Insolvenz bei Einzelunternehmen: Insolvenzverfahren anmelden & die Chance auf Restschuldbefreiung
Gerät ein Einzelunternehmen in eine bedrohliche finanzielle Situation, kann eine Insolvenz nicht nur unabdingbar, sondern sogar vorteilhaft sein. Neben der Betriebsinsolvenz ist die Privatinsolvenz für Selbstständige eine Option, wenn sie ihre Tätigkeit bereit aufgegeben haben.
Der große Vorteil einer Insolvenz für dich als Solo-Unternehmer liegt in der Restschuldbefreiung. So hast du die Chance, bereits nach drei Jahren wieder schuldenfrei zu sein.
Lies weiter und erfahre alles über das Insolvenzverfahren für Einzelunternehmer!
Einzelunternehmen Insolvenz – die wichtigsten Fakten:
- Anders als bei Kapitalgesellschaften besteht für Einzelunternehmer keine Insolvenzantragspflicht.
- Wenn ein Einzelunternehmer überschuldet oder zahlungsunfähig ist, steht es ihm jedoch frei, Insolvenz zu beantragen.
- Je nach Rahmenbedingungen kann sich eine Regelinsolvenz oder eine Privatinsolvenz eignen.
- Für Selbstständige ist vor allem die Restschuldbefreiung von Vorteil: Nach drei Jahren besteht die Möglichkeit, dass restliche Schulden erlassen werden. Schuldner haben so die Chance, innerhalb einer kurzen Zeit schuldenfrei zu werden.

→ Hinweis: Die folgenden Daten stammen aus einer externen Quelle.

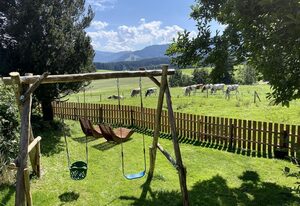 Alpen Panoramahof – Ferienwohnung, 2 Schlafzimmer, Bad + Dusche/WC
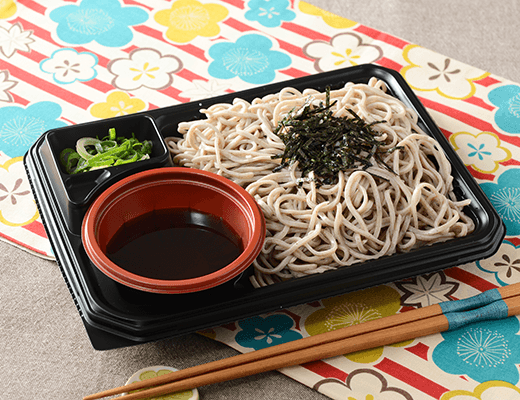 香りとのど越し　ざるそば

Warum ein Einzelunternehmen Insolvenz anmeldet
Grundsätzlich meldet ein Einzelunternehmen Insolvenz an, wenn es in eine schwierige finanzielle Lage gerät. Wenn deine Einzelfirma zahlungsunfähig wird und du kein Geld dafür hast, offene Schulden zu begleichen, solltest du handeln.
Je schneller, desto besser – so kannst du verhindern, dass sich ein immer größerer Schuldenberg anhäuft.
Das Ziel des Insolvenzverfahrens: Es sollen möglichst viele Schulden bei den Gläubigern abbezahlt werden. Handelt es sich um mehrere Gläubiger, soll die Abzahlung möglichst fair verlaufen.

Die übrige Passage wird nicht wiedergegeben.